• PROBLEM REQUIREMENTS: Could you copy the records below exactly, leaving out any pictures they include?

• PROVIDED INFORMATION:
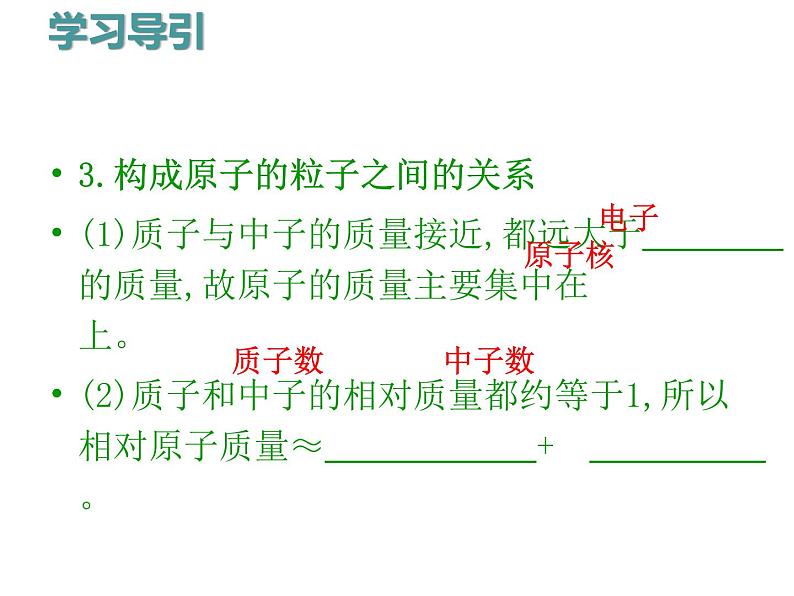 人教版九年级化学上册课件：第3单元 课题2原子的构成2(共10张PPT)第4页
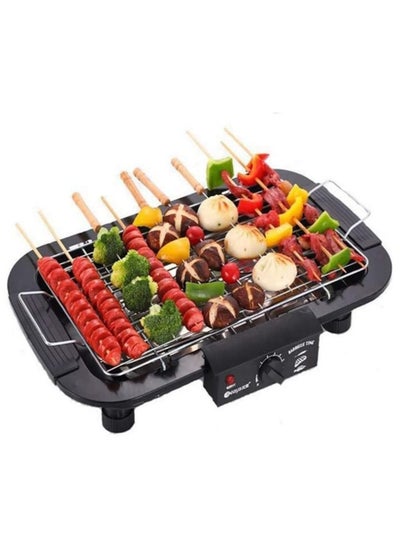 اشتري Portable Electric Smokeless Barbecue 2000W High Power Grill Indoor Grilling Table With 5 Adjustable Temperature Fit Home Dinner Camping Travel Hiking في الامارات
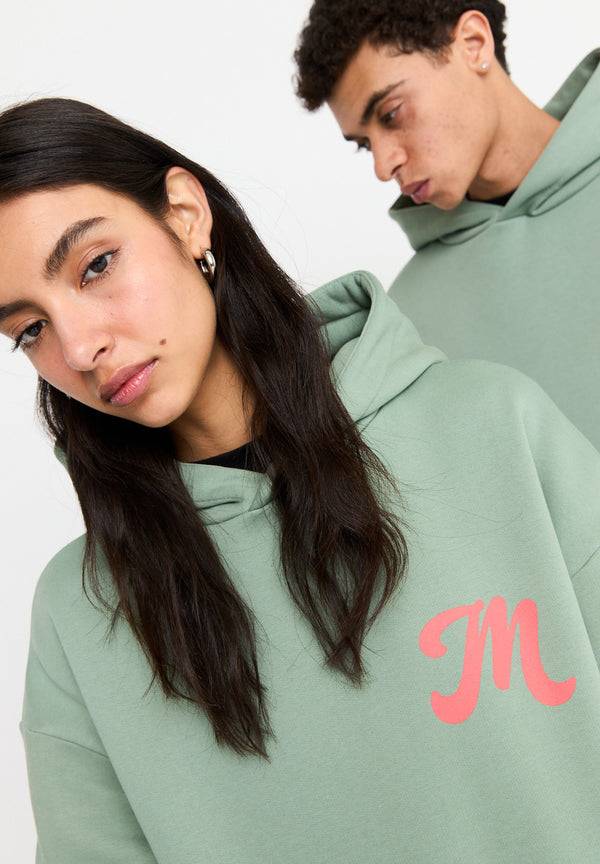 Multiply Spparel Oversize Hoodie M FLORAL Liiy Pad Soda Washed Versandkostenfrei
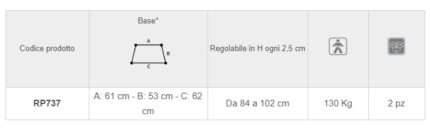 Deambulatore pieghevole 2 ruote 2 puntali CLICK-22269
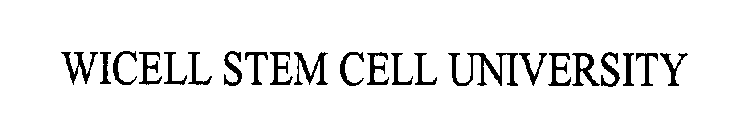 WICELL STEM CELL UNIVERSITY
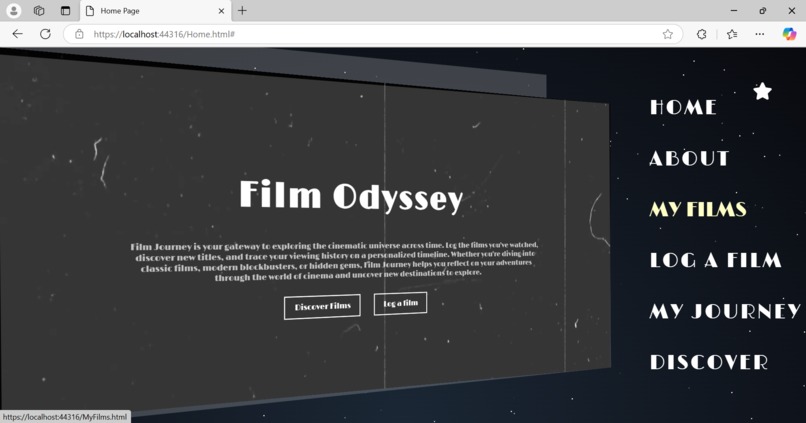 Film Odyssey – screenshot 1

• COMPLETED TASK:
 人教版九年级化学上册课件：第3单元 课题2原子的构成2(共10张PPT)第4页
 اشتري Portable Electric Smokeless Barbecue 2000W High Power Grill Indoor Grilling Table With 5 Adjustable Temperature Fit Home Dinner Camping Travel Hiking في الامارات
 Multiply Spparel Oversize Hoodie M FLORAL Liiy Pad Soda Washed Versandkostenfrei
 Deambulatore pieghevole 2 ruote 2 puntali CLICK-22269
 WICELL STEM CELL UNIVERSITY
 Film Odyssey – screenshot 1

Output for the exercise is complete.